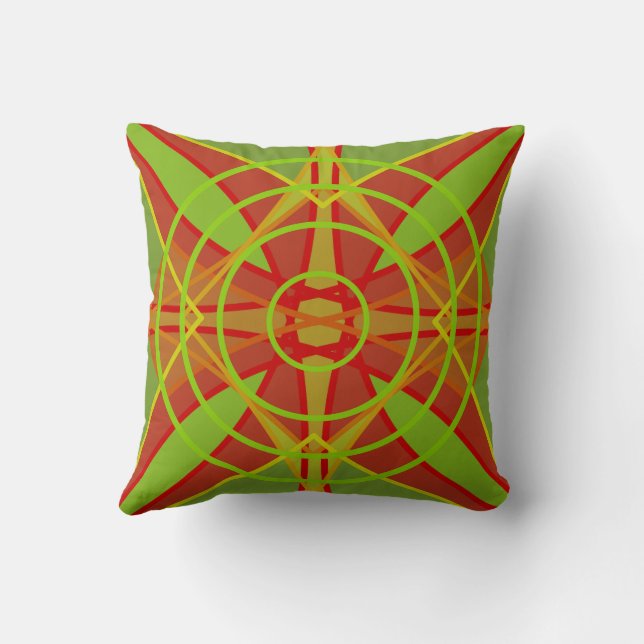 Autumn Fall Colours Abstract Geometric Design Cushion (Back)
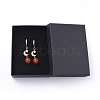 Natural Gemstone Round Beads Dangle Earrings EJEW-JE04069-6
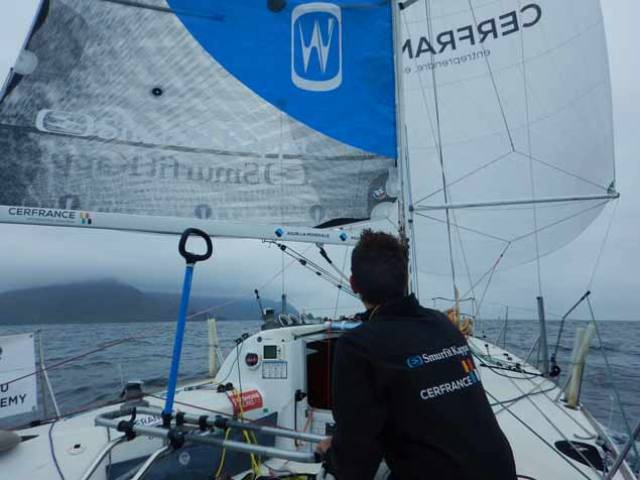 Tom Dolan has moved into the top ten in his Transatlantic Race with co-skipper Tanguy Bouroullec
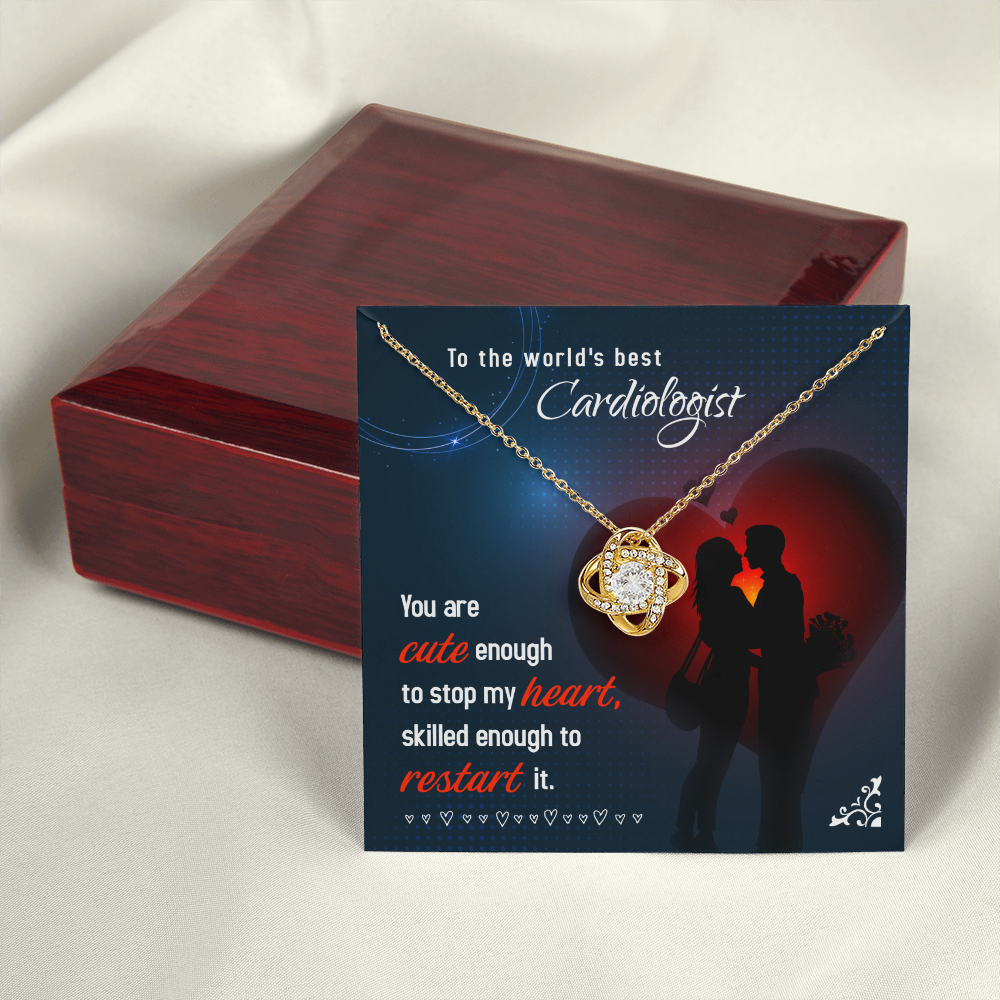 Cute Enough to Stop Healthcare Medical Worker Nurse Appreciation Gift Infinity Knot Necklace Message Card-Express Your Love Gifts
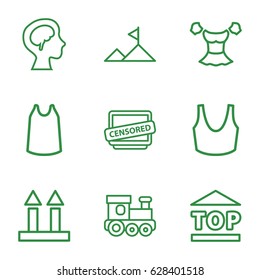 Top icons set. set of 9 top outline icons such as train toy, sport bra, singlet, blouse, cargo arrow up, top of cargo box, censored, human brain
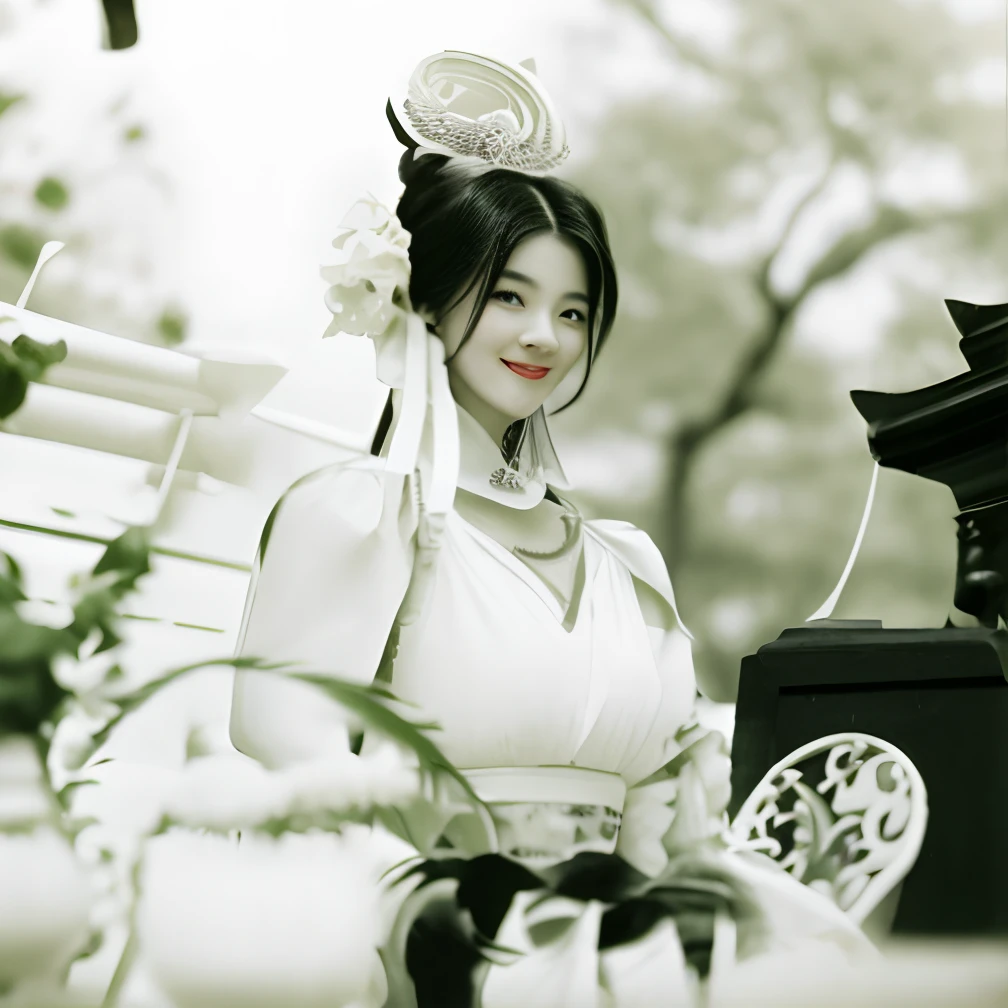 Close up portrait of smiling woman with black hair in white dress,In the gardens of the court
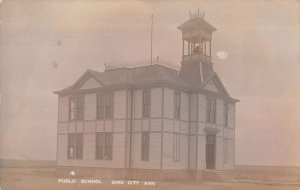 Bird City Kansas Public School Real Photo Vintage Postcard AA17101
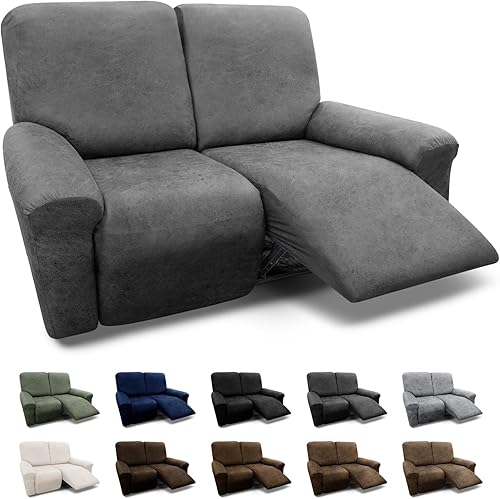 Miniatura 28 de Fundas para sillón con cojines en forma de T de 2 piezas, apariencia de cuero, funda para sofá, funda para silla, protector elástico para muebles,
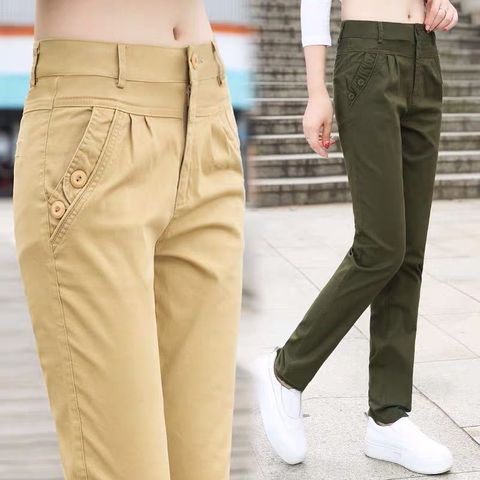 2022 Pantalones de mujer Primavera Verano cintura elástica algodón pies pantalones medio y viejo señoras sólido Casual Pantalones talla grande 3XL F145 ► Foto 1/6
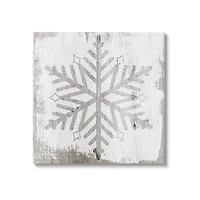 Stupell Industries Winter Nature Snowflake Shape Canvas Wall Art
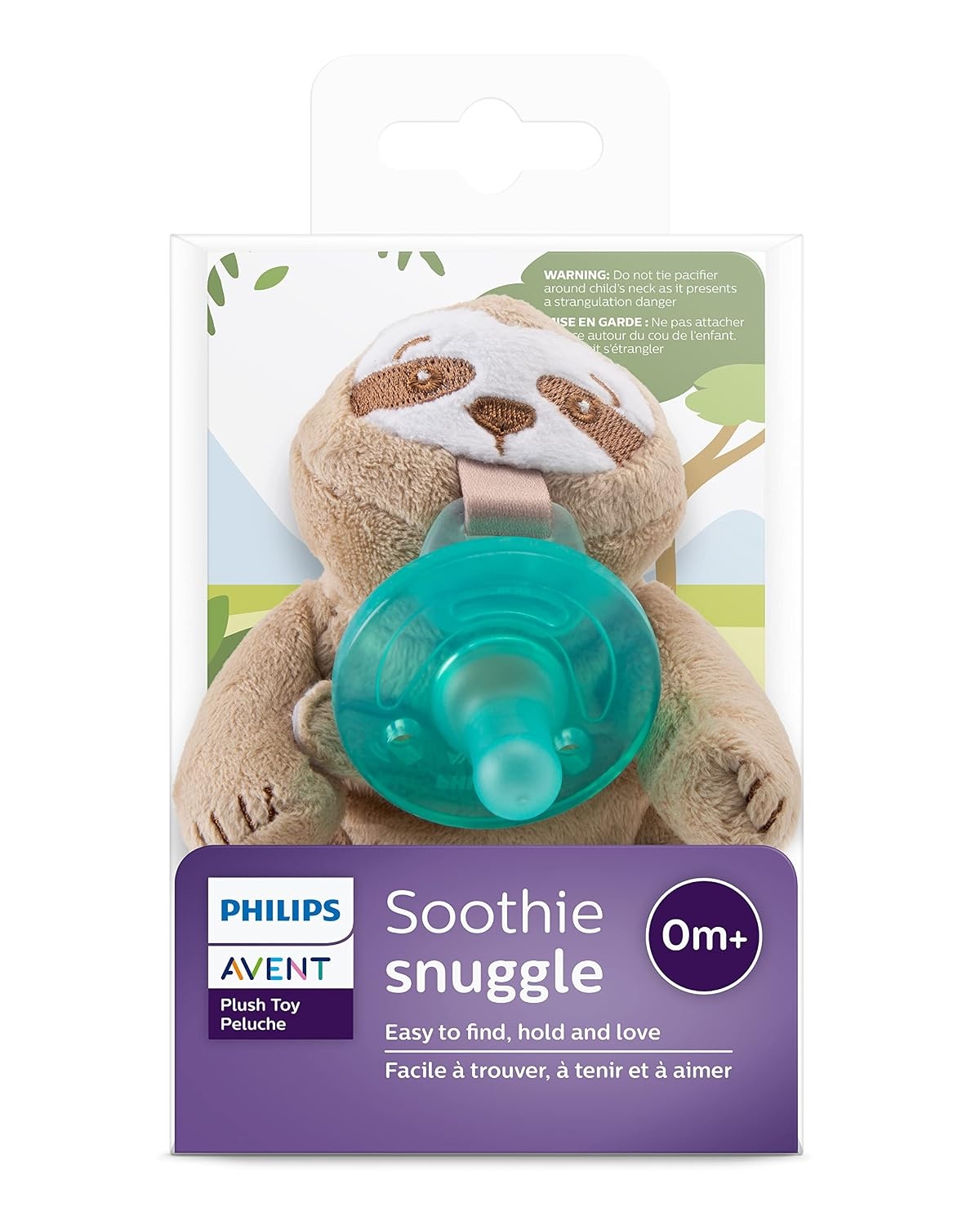 image:imagePhilips Avent Soothie Snuggle Pacifier Holder with Detachable Pacifier 0mSloth
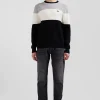 Pull col rond en coton gris et blanc à jeux de maille coupe Regular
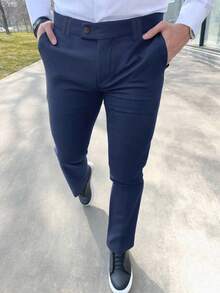 Manfinity Mode Men Slant Pocket Suit Pants Without Belt, Men's Dress Pants, Men Slim Fit Pants, Dark Blue Pants, Men's Stretchy Dress Pants - Navy Blue - View 3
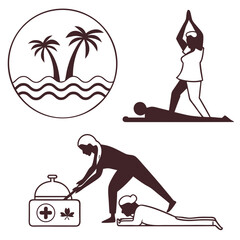 Tropical beach yoga and massage icons palm trees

* _PROBLEM STATEMENT_: Every line of the records above should be reproduced exactly, with no pictures included.

* _TASK OUTPUT_:
 Autumn Fall Colours Abstract Geometric Design Cushion (Back)
 Natural Gemstone Round Beads Dangle Earrings EJEW-JE04069-6
 Tom Dolan has moved into the top ten in his Transatlantic Race with co-skipper Tanguy Bouroullec
 Cute Enough to Stop Healthcare Medical Worker Nurse Appreciation Gift Infinity Knot Necklace Message Card-Express Your Love Gifts
 Top icons set. set of 9 top outline icons such as train toy, sport bra, singlet, blouse, cargo arrow up, top of cargo box, censored, human brain
 Close up portrait of smiling woman with black hair in white dress,In the gardens of the court
 Bird City Kansas Public School Real Photo Vintage Postcard AA17101
 Miniatura 28 de Fundas para sillón con cojines en forma de T de 2 piezas, apariencia de cuero, funda para sofá, funda para silla, protector elástico para muebles,
 2022 Pantalones de mujer Primavera Verano cintura elástica algodón pies pantalones medio y viejo señoras sólido Casual Pantalones talla grande 3XL F145 ► Foto 1/6
 Stupell Industries Winter Nature Snowflake Shape Canvas Wall Art
 image:imagePhilips Avent Soothie Snuggle Pacifier Holder with Detachable Pacifier 0mSloth
 Pull col rond en coton gris et blanc à jeux de maille coupe Regular
 Manfinity Mode Men Slant Pocket Suit Pants Without Belt, Men's Dress Pants, Men Slim Fit Pants, Dark Blue Pants, Men's Stretchy Dress Pants - Navy Blue - View 3
 Tropical beach yoga and massage icons palm trees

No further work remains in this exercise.